Exercise: Each entry below must be written out exactly, with pictures left out.

-- Source information follows --

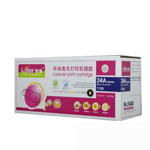 ��ͨHP2624A ����/��ͨ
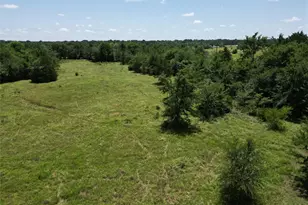 Lot 2 County Road 4766, Sulphur Springs, TX 75482 - Photo 1
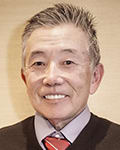 Dr. Robert K Shimasaki - Pasadena, CA - Dentistry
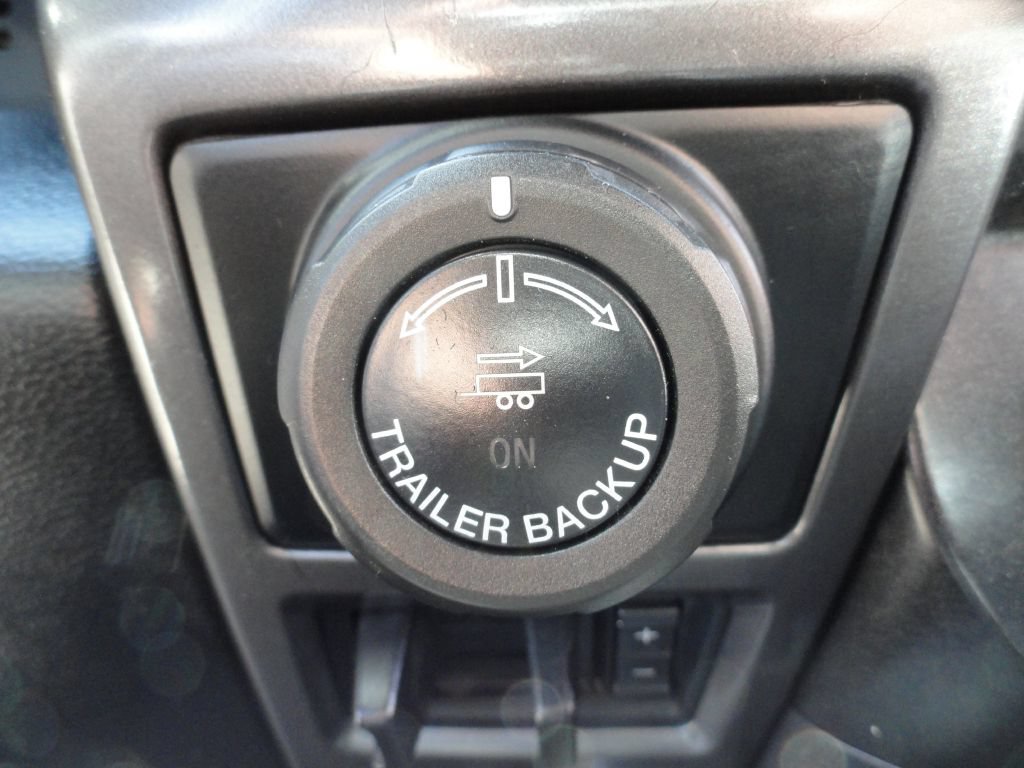 Used 2018 Ford F150 XLT w/ Equipment Group 302A Luxury RWD image 17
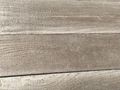 Piastrella per pavimento interno-Rouviere Collection-Sermiwood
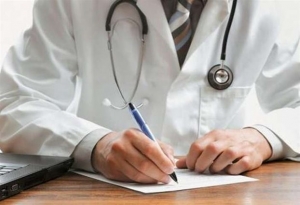 Βρετανία: Βιντεο-συμβουλές από γιατρό όλο το 24ωρο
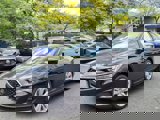 Certified 2022 Acura TLX w/ Technology Package image 3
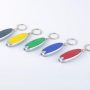 led-keychain-light-14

-- Source information concluded --

Written solution:
 ��ͨHP2624A ����/��ͨ
 Lot 2 County Road 4766, Sulphur Springs, TX 75482 - Photo 1
 Dr. Robert K Shimasaki - Pasadena, CA - Dentistry
 Used 2018 Ford F150 XLT w/ Equipment Group 302A Luxury RWD image 17
 Piastrella per pavimento interno-Rouviere Collection-Sermiwood
 Βρετανία: Βιντεο-συμβουλές από γιατρό όλο το 24ωρο
 Certified 2022 Acura TLX w/ Technology Package image 3
 led-keychain-light-14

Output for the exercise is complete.